**Aim of the task**: What is needed here is an exact printout of the data, with no pictures included.

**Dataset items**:
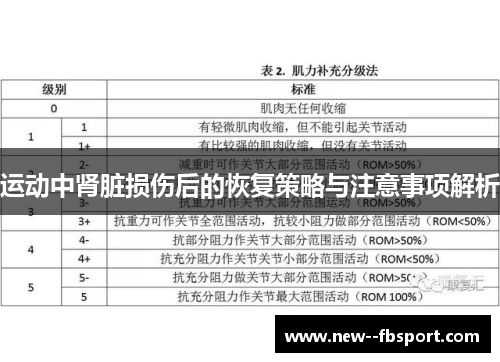 运动中肾脏损伤后的恢复策略与注意事项解析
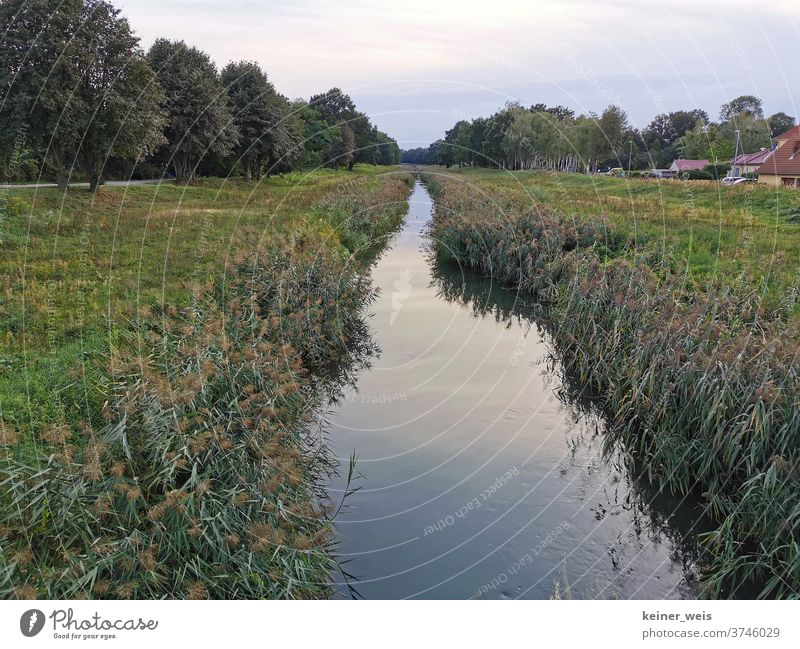 Der Fluss Schwarze Elster bei Senftenberg in der Gartenstadt Marga in Brandenburg Lausitz Senftenberger See sorbisch Lausitzer Seenland Wasser Kanal Stadtrand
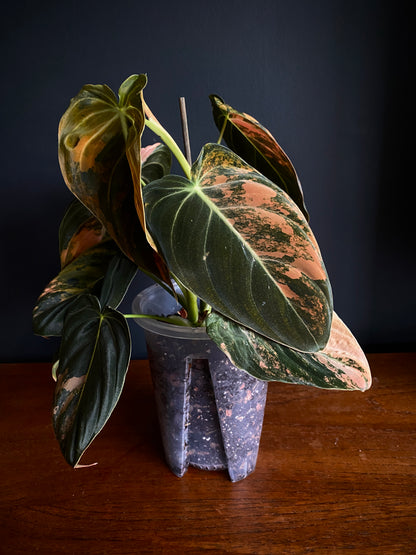 Philodendron Melanochrysum Orange variegata | 12 cm pot [A]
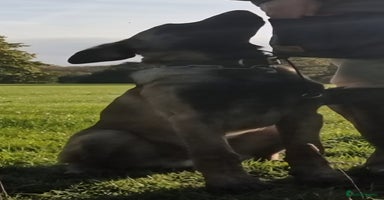 Belgian Shepherd Dog dogs - Advert 2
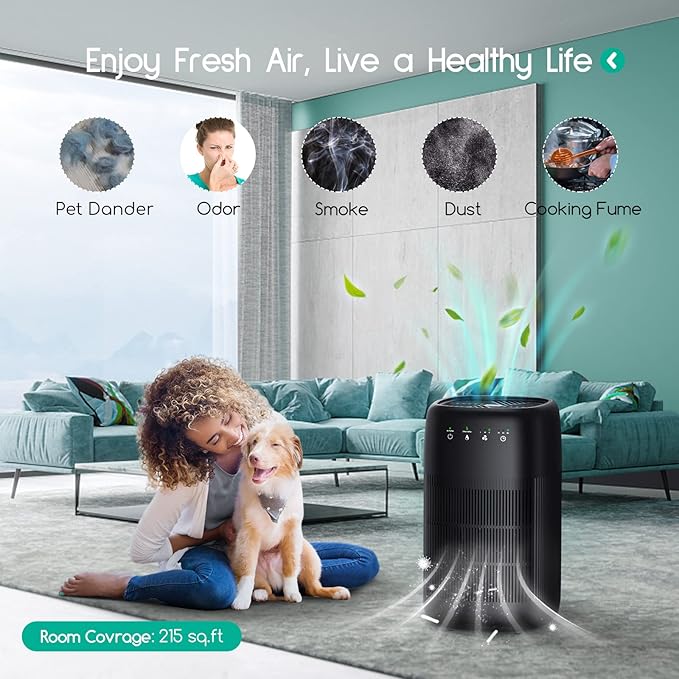 Afloia Air Purifier and Dehumidifier in 1, Air Purifier - Image 3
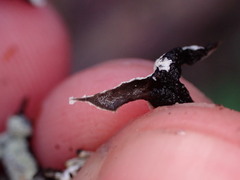 Hypogymnia enteromorpha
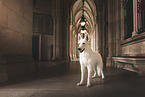 Weier Schweizer Schferhund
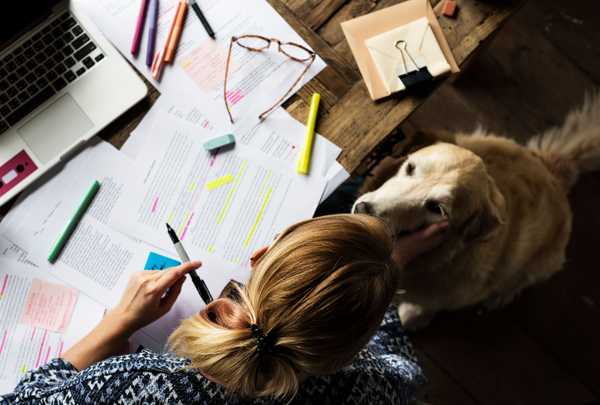 les bienfaits de la présence des animaux de compagnie au travail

**Written answer**:
 运动中肾脏损伤后的恢复策略与注意事项解析
 Der Fluss Schwarze Elster bei Senftenberg in der Gartenstadt Marga in Brandenburg Lausitz Senftenberger See sorbisch Lausitzer Seenland Wasser Kanal Stadtrand
 Philodendron Melanochrysum Orange variegata | 12 cm pot [A]
 Belgian Shepherd Dog dogs - Advert 2
 Afloia Air Purifier and Dehumidifier in 1, Air Purifier - Image 3
 Hypogymnia enteromorpha
 Weier Schweizer Schferhund
 les bienfaits de la présence des animaux de compagnie au travail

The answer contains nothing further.